Extrait d'une peinture de Delacroix - Christ sur la mer de Galilée- 1854
Jésus dit : « passons sur l’autre rive ». Ce texte est souvent lu au cours des services funèbres, comme si Jésus parlait ici du passage à travers la mort. C’est tout à fait légitime de se laisser librement inspirer par le texte biblique et de l’entendre nous rejoindre dans ce que nous sommes en train de vivre. Seulement, en l’occurrence, Jésus parle à des disciples qui sont bien vivants, encore pour un bout de temps. D’où vient donc l’idée que ce « passage sur l’autre rive » concernerait la traversée de la mort vers la vie future ? Cela ne vient pas ne nulle part. Notre culture, comme toute culture, est enracinée dans des mythes millénaires qui nourrissent notre façon de comprendre la vie. C’est le cas en ce qui concerne le passage à travers la mort, grande question s’il en est. Dans ce domaine, il existe des mythes très puissants qui étaient déjà anciens à l’époque de Jésus : ce sont des mythes grecs et égyptiens qui racontent le passage vers la vie future comme une barque menée par un passeur divin nous permettant de traverser au-delà des eaux terribles.

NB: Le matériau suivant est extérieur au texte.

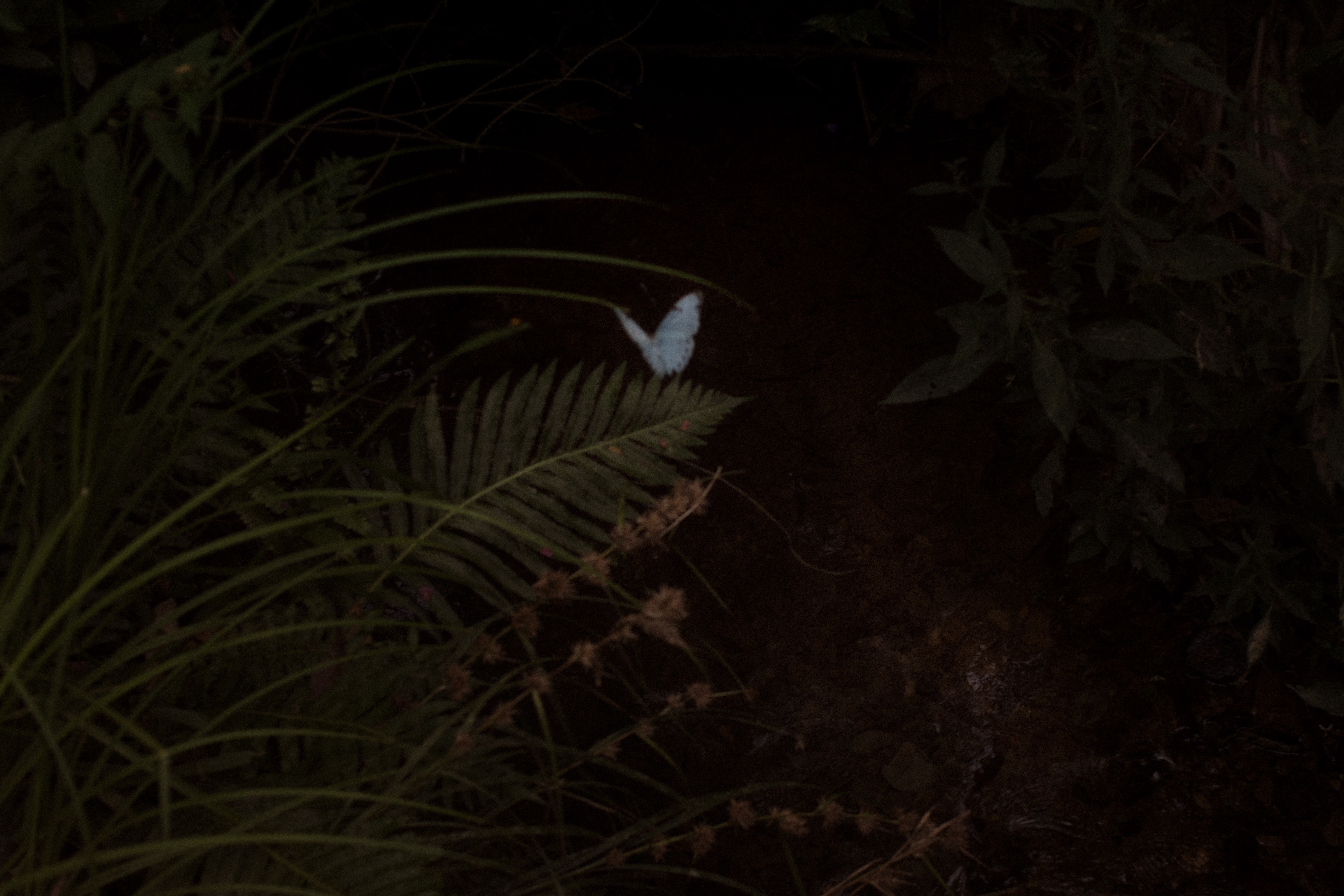 No centro, uma borboleta com as asas abertas, parece estar pousando em uma folha, e contrastando com o fundo escuro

Dans la culture greco-latine, très répendue dans tout l’empire à l’époque de Jésus, le passeur est Charon, fils de l’obscurité et de la nuit, qui fait passer qui il veut et qui en est digne : il faut que les rites funéraires aient été faits, il faut payer le prix du passage, et en plus il faut être choisi par Charon qui prend alors le défunt dans sa barque et lui permet de traverser les eaux du Styx.

Dans la culture égyptienne, c’est le dieu Rê qui permet à l’élu de passer pour rejoindre le chaos originel d’où tout a été créé afin d’y vivre une renaissance. Des rites funéraires devaient être accomplis, puis le mort subissait une pesée de son âme pour juger si elle était assez pure pour passer sur l’autre rive. Cette croyance égyptienne avait déjà 2600 ans à l’époque de Jésus et elle était alors aussi connue que la pyramide de Khéops, 1ère sur la liste des 7 merveilles du monde de l’époque. Au pied de cette pyramide, une magnifique barque en cèdre du Liban de 45 tonnes a été retrouvée, Khéops l’ayant préparée pour sa traversée dans l’au-delà.

Quant aux hébreux, ils avaient délibérément choisi de ne pas parler dans leurs livres de ces questions concernant la vie future, afin de se concentrer sur la qualité de la vie présente grâce à Dieu. La Bible Hébraïque n’offre donc pas de récits pour irriguer ce questionnement très humain sur la vie future.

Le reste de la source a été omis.